**Work order**
Give back, word for word, the lines in the listing below from the one holding "classic thick-frame 3/4" down to the one holding "FLASH SALES! 💥", both ends included.

**Information provided**
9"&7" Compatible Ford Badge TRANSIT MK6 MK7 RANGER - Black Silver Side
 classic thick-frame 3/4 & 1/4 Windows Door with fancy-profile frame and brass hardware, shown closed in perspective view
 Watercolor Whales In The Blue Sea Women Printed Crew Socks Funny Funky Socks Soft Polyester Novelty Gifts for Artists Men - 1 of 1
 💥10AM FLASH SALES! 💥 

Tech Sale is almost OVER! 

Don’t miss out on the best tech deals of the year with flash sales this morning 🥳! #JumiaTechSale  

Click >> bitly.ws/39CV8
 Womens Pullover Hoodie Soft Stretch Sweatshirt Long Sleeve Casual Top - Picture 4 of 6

**Finished exercise**
 classic thick-frame 3/4 & 1/4 Windows Door with fancy-profile frame and brass hardware, shown closed in perspective view
 Watercolor Whales In The Blue Sea Women Printed Crew Socks Funny Funky Socks Soft Polyester Novelty Gifts for Artists Men - 1 of 1
 💥10AM FLASH SALES! 💥 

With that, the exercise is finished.